UDP-REQ-7: A NAT device whose external IP interface can be configured
dynamically MUST either
(1) Automatically ensure that its internal network uses IP
addresses that do not conflict with its external network, or
(2) Be able to translate and forward traffic between all internal
nodes and all external nodes whose IP addresses numerically
conflict with the internal network.
Status: Same as REQ-7 in RFC4787
UDP-REQ-8: It is RECOMMENDED that a NAT have "Endpoint-Independent
Filtering" behavior.
Status: "If application transparency is most important, it is
RECOMMENDED that a NAT have Endpoint-Independent Filtering
behavior.

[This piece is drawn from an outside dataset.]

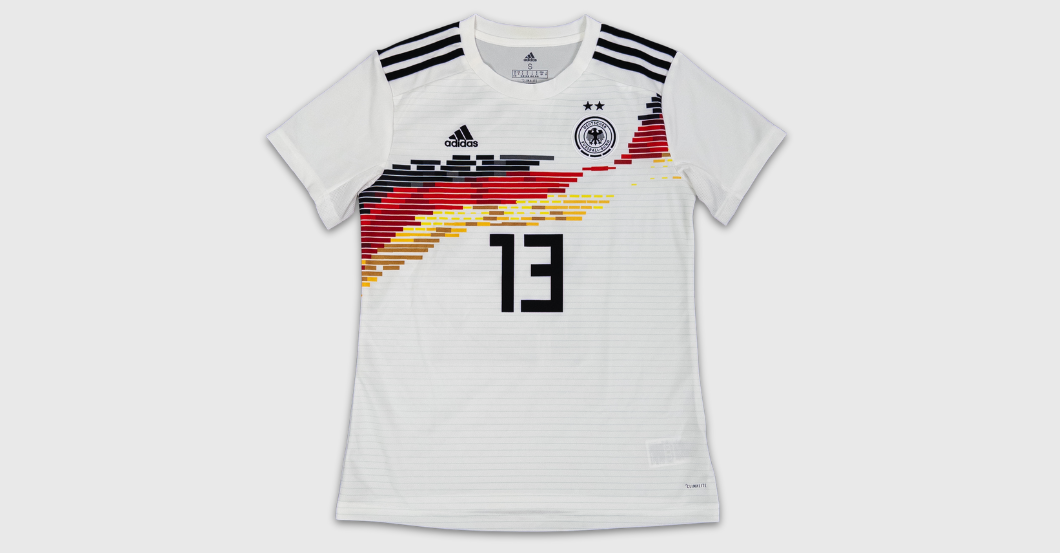 S4K Däbritz DFB-Trikot   S4K Däbritz DFB-Trikot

If a more stringent filtering behavior is most
important, it is RECOMMENDED that a NAT have Address-Dependent
Filtering behavior." is written at REQ-8 in RFC4787. In this
draft, we pick up only first requirement.
Justification: LSN which is placed at ISP/Carrier makes much of
transparency. In particular, for applications that receive media
simultaneously from multiple locations (e.g., gaming), or
applications that use rendezvous techniques. But to be more
precise, in the LSN case, it may not be needed for some specific
protocol such as DNS query and response.
UDP-REQ-8-a: The filtering behavior MAY be an option configurable by
the administrator of the NAT.
Status: Same as REQ-8-a in RFC4787
Justification: Having the filtering behavior being an option
configurable by the administrator of the NAT ensures that a NAT
can be used in the widest variety of deployment scenarios. More
detailed description can be found in original RFC.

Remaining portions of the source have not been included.